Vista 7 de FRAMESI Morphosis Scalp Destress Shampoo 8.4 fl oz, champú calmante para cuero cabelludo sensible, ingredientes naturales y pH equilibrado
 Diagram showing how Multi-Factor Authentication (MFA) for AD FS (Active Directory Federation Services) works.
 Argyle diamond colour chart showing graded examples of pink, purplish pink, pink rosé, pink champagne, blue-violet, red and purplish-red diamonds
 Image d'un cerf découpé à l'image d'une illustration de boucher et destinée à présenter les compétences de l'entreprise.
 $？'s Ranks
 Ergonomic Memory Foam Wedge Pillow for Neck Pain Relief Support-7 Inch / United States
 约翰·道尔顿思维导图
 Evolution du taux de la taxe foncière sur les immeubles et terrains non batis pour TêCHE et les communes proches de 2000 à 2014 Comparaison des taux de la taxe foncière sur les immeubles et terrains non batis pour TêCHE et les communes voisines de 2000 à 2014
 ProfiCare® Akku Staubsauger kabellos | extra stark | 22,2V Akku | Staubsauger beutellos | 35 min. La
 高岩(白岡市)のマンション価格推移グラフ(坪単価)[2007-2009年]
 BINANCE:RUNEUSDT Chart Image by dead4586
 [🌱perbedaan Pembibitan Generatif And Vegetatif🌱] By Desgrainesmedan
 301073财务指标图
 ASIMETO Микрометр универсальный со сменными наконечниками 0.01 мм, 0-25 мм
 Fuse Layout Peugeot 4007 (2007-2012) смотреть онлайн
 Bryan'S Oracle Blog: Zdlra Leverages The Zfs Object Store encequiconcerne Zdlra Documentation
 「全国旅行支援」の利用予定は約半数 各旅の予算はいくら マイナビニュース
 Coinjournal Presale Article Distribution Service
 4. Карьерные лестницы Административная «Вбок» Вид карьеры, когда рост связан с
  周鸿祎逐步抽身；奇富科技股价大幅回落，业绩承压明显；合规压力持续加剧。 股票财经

==============================

EXERCISE BRIEF:
Print from the line containing "[🌱perbedaan Pembibitan Generatif" to the last line above, exactly as written.

ANSWER FOR THE TASK:
 [🌱perbedaan Pembibitan Generatif And Vegetatif🌱] By Desgrainesmedan
 301073财务指标图
 ASIMETO Микрометр универсальный со сменными наконечниками 0.01 мм, 0-25 мм
 Fuse Layout Peugeot 4007 (2007-2012) смотреть онлайн
 Bryan'S Oracle Blog: Zdlra Leverages The Zfs Object Store encequiconcerne Zdlra Documentation
 「全国旅行支援」の利用予定は約半数 各旅の予算はいくら マイナビニュース
 Coinjournal Presale Article Distribution Service
 4. Карьерные лестницы Административная «Вбок» Вид карьеры, когда рост связан с
  周鸿祎逐步抽身；奇富科技股价大幅回落，业绩承压明显；合规压力持续加剧。 股票财经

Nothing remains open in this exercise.